# Data for review
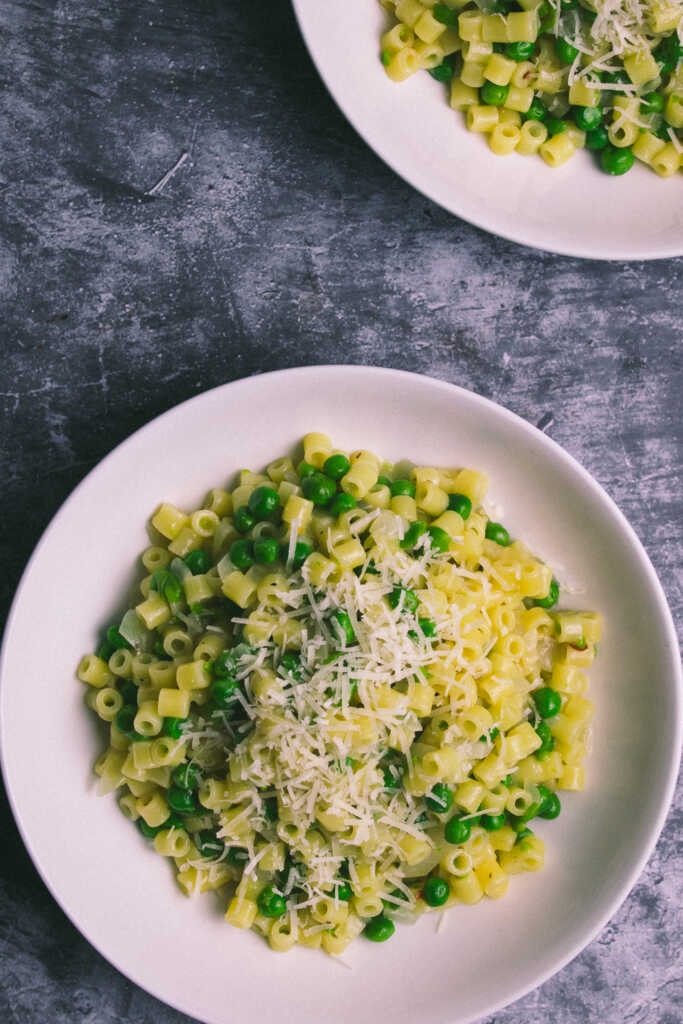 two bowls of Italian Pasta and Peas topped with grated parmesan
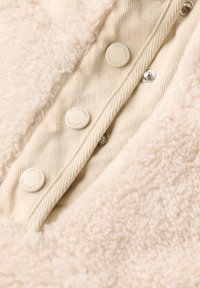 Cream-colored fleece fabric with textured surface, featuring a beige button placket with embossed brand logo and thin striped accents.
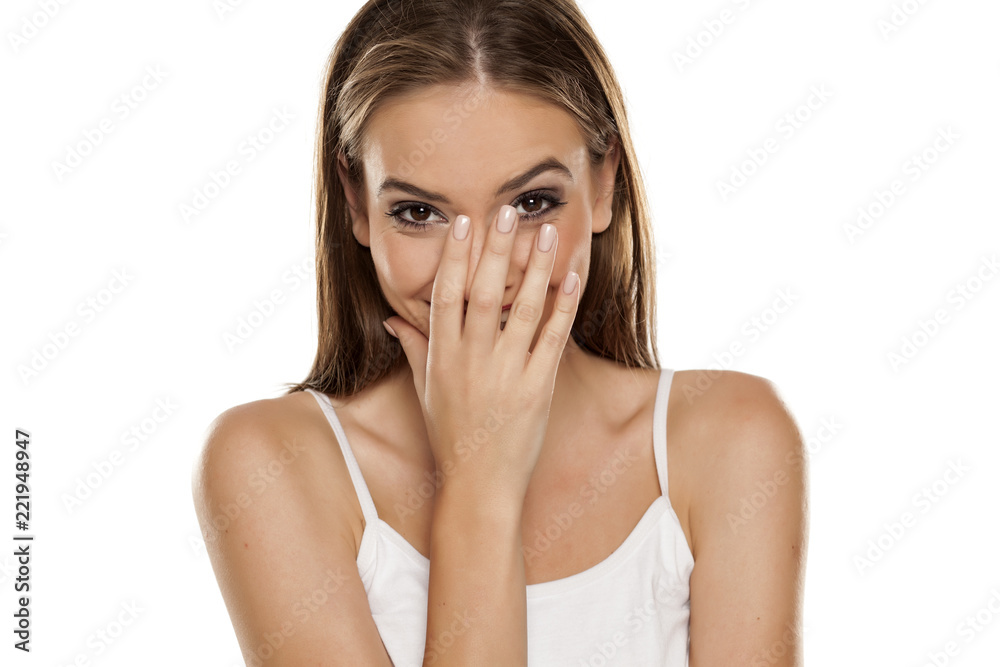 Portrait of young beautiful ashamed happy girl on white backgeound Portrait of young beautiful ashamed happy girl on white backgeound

* * *

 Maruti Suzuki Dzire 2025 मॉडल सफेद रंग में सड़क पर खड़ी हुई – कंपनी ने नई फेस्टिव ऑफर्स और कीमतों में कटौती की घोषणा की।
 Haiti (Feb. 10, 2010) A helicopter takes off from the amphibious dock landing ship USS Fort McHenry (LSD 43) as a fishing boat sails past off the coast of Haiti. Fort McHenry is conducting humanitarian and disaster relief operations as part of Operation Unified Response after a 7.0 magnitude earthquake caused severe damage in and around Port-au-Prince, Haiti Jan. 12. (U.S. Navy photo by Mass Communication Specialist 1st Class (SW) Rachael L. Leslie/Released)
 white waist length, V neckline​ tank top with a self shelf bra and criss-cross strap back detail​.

# Work to be completed
Using the data above, which lines fall from the one with "two bowls of" through the one with "Cream-colored fleece fabric"? Repeat them exactly, ends included, minus any pictures.

# Reply to the task
 two bowls of Italian Pasta and Peas topped with grated parmesan
 Cream-colored fleece fabric with textured surface, featuring a beige button placket with embossed brand logo and thin striped accents.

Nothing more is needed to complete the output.